Vertex AI Vector Search Engine service is a high-scale, low-latency solution, for finding similar vectors from a large corpus. Vector Search is a fully managed offering, further reducing operational overhead. It is built upon Approximate Nearest Neighbor (ANN) technology developed by Google Research.



In [1]:
! pip3 install --upgrade google-cloud-aiplatform \
                        google-cloud-storage \
                        'google-cloud-bigquery[pandas]'

Collecting google-cloud-storage
  Downloading google_cloud_storage-2.18.2-py2.py3-none-any.whl.metadata (9.1 kB)
Downloading google_cloud_storage-2.18.2-py2.py3-none-any.whl (130 kB)
Installing collected packages: google-cloud-storage
  Attempting uninstall: google-cloud-storage
    Found existing installation: google-cloud-storage 2.14.0
    Uninstalling google-cloud-storage-2.14.0:
      Successfully uninstalled google-cloud-storage-2.14.0
Successfully installed google-cloud-storage-2.18.2


In [1]:
import IPython

app = IPython.Application.instance()
app.kernel.do_shutdown(True)

{'status': 'ok', 'restart': True}

In [1]:
PROJECT = !gcloud config get-value project
PROJECT_ID = PROJECT[0]
REGION = "us-west1"

In [2]:
import vertexai
vertexai.init(project = PROJECT_ID,
              location = REGION)

## Prepare the data in BigQuery
The dataset used for this lab is the StackOverflow dataset. This public dataset is hosted in Google BigQuery and is included in BigQuery's 1TB/mo of free tier processing. This means that each user receives 1TB of free BigQuery processing every month, which can be used to run queries on this public dataset.

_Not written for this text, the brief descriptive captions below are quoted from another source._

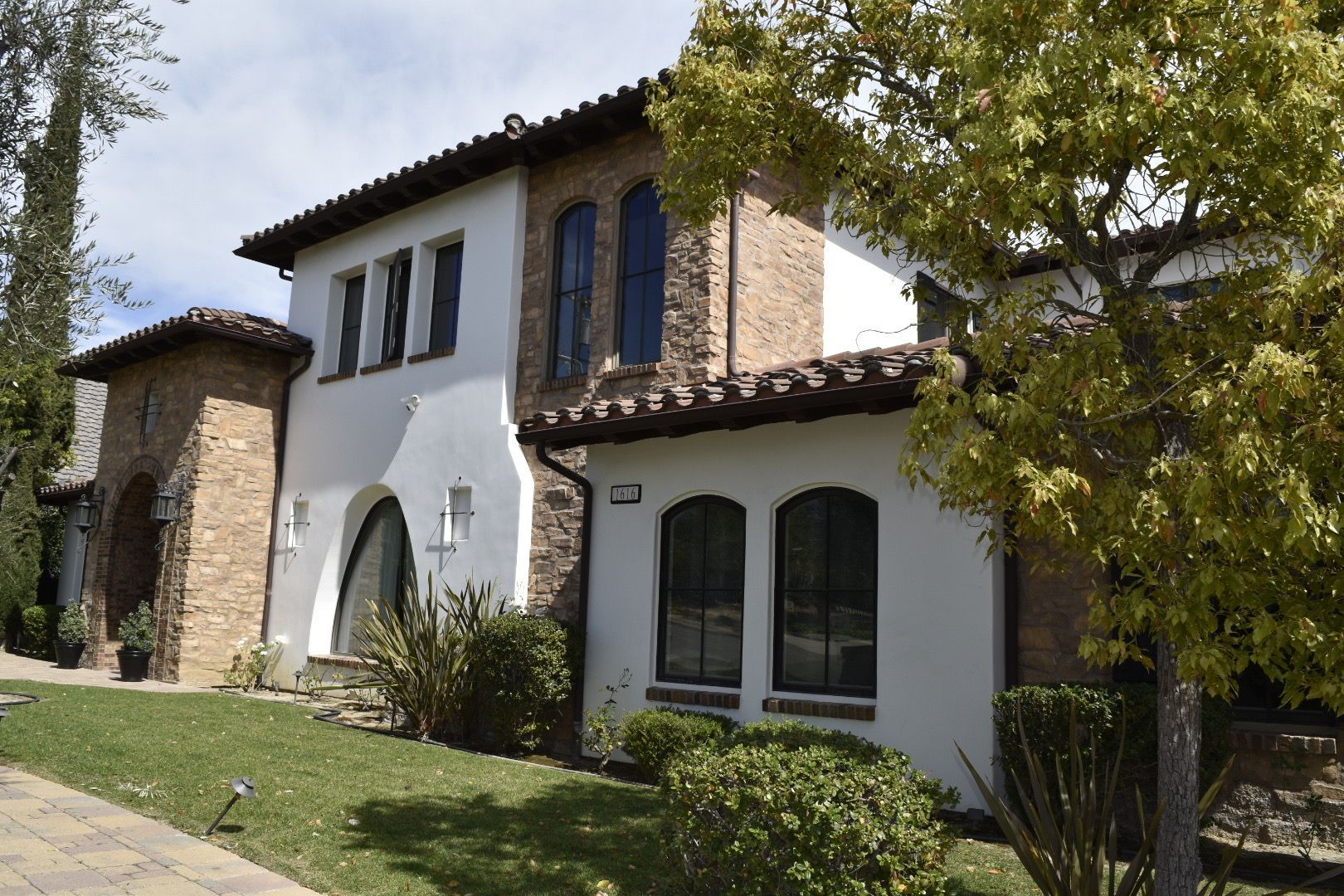Spanish-style house with white stucco walls, arched windows, and stone accents on a sunny hillside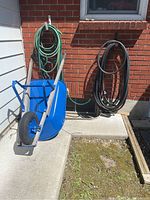 Photo showing the blue steel wheelbarrow with wooden handles, single black rubber wheel, and two garden hoses (green and black) coiled on wall-mounted holders which are not included.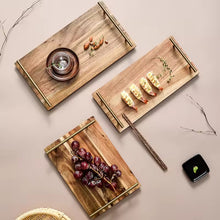 Load image into Gallery viewer, Wooden Serving Tray by Allthingscurated is designed with versatility and organic beauty in mind. Crafted from natural wood and accented with gold hardware handles for easy transportation and handling, these wooden trays serve up your sliced breads, cheeses and drinks in style. With 3 size options, they are ideal for hosting and a nice presentation with a natural touch to your table.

Stack Overflow is the largest online community for programmers to learn, share their knowledge, and advance their careers. Updated on a quarterly basis, this BigQuery dataset includes an archive of Stack Overflow content, including posts, votes, tags, and badges. This dataset is updated to mirror the Stack Overflow content on the Internet Archive, and is also available through the Stack Exchange Data Explorer.

The BigQuery table is too large to fit into memory, so you need to write a generator called query_bigquery_chunks to yield chunks of the dataframe for processing. Additionally, an extra column title_with_body is added, which is a concatenation of the question title and body that will be used for creating embeddings.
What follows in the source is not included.